Thesis
HIDRODINÁMICA DEL ACERO LÍQUIDO DURANTE EL LLENADO DE LA OLLA.
Autor
M. en I. Rodriguez Avila, Jafeth
Institución
Resumen
The computational approach of this model involves the solution of Navier-Stokes Equations for a multiphase flow through an explicit method using the Volume of Fluid (VOF) model in order to define sharp interfaces, among air and liquid steel. A multiphase numerical analysis focused on flow dynamics and particle trajectories during steel tapping operations was developed.
The three-dimensional (3-D), multiphase and unsteady turbulent fluid flow model of steel tapping operations was simulated through the solution of a set of continuity equations, one for each phase, and a set of momentum transfer equations for all phases and the standard k-ε two-equation turbulence model as is explained below.
The minimum residence times (MRT) refers to those minimum times that a particle remains in the metal bulk before it emerges to the bath surface.
The numerical results indicate that the MRT for lighter additions than steel (ferrosilicon and aluminum) are independent from bath level, fall height and flow dynamics of the melt.

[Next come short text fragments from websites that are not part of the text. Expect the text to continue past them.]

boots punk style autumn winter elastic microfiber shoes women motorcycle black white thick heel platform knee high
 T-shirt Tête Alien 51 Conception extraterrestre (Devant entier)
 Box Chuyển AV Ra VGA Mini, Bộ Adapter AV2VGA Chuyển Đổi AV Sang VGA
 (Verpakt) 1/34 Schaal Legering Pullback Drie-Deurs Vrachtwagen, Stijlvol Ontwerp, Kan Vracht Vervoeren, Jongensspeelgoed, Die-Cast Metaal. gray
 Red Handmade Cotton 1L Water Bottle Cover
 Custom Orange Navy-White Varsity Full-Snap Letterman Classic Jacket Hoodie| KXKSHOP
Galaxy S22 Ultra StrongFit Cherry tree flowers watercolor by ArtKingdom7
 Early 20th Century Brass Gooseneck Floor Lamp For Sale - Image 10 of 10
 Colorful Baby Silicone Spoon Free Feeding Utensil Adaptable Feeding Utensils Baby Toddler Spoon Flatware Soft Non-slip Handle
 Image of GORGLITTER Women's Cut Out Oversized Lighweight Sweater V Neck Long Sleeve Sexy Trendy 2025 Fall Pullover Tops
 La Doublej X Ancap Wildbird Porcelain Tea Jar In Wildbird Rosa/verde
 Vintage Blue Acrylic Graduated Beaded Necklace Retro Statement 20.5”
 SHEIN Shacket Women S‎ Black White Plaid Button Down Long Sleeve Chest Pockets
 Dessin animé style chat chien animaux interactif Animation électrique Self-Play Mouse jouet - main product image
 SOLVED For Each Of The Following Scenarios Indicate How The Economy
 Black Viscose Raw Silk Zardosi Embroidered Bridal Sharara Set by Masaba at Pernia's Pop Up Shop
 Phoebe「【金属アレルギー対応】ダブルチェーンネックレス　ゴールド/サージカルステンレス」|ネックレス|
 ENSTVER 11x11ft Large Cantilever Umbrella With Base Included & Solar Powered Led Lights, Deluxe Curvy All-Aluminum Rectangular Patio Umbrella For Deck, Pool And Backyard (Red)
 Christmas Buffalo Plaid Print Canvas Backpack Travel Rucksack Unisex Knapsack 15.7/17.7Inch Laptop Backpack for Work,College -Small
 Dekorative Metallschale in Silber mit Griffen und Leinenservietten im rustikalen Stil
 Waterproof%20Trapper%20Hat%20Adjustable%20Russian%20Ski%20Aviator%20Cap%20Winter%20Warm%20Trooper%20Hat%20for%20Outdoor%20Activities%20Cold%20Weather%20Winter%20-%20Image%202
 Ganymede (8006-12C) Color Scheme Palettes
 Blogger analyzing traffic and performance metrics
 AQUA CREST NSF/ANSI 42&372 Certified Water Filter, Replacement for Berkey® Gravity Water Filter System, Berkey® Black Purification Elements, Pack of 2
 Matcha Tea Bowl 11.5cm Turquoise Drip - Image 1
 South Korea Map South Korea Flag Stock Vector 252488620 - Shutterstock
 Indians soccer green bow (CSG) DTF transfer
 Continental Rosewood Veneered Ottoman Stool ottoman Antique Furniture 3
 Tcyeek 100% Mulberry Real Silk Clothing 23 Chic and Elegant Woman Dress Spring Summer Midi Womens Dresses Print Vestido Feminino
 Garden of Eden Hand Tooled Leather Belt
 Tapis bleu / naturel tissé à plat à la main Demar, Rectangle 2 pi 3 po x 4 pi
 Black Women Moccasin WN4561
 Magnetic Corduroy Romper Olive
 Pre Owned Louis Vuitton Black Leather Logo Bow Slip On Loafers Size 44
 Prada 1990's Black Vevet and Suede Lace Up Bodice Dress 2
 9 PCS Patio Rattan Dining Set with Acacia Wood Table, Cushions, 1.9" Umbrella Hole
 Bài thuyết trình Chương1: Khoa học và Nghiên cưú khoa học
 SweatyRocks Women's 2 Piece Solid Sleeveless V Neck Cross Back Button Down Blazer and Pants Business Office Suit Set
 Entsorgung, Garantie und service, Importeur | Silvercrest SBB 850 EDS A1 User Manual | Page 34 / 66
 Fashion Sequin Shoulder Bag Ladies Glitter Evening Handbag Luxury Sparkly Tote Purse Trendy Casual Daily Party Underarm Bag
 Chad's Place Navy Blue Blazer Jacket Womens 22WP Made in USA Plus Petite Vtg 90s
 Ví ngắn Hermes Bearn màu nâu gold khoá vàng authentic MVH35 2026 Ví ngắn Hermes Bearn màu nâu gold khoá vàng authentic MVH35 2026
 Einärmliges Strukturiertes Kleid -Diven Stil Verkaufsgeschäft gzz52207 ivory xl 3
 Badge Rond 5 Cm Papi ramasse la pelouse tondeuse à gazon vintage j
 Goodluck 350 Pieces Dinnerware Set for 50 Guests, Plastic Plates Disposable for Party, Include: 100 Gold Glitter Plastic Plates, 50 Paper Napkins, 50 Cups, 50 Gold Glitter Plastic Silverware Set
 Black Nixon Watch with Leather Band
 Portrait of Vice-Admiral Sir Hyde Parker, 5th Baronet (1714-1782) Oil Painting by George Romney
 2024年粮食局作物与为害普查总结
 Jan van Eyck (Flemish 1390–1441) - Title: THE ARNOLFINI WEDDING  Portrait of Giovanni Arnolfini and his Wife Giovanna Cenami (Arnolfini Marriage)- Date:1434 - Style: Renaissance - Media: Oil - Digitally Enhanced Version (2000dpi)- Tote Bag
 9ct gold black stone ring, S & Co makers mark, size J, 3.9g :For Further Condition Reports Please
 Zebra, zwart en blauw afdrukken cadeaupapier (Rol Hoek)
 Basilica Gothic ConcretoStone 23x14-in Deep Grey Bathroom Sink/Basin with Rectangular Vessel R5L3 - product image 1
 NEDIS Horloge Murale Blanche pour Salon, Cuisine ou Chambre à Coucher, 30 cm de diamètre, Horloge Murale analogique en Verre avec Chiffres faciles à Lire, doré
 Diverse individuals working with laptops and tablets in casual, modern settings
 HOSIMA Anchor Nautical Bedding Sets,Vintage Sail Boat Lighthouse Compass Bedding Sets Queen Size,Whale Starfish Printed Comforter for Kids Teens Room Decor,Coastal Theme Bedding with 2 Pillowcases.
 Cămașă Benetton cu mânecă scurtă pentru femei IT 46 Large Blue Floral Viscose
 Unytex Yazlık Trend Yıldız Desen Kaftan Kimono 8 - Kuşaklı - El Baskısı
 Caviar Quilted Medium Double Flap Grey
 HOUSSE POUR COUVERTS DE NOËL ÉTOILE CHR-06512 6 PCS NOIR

Neutral buoyant additions (Fe-Mn) are strongly dependent on fluid dynamics of the melt and bath height. Denser additions (like Fe-Nb) yields long residence time inside the melt before first emerging to the bath surface. However, when this ferroalloy is added at high bath levels, close to the end of tapping, the particles remain in the corner formed by the bottom and the wall of the ladle during long times prolonging their melting rates.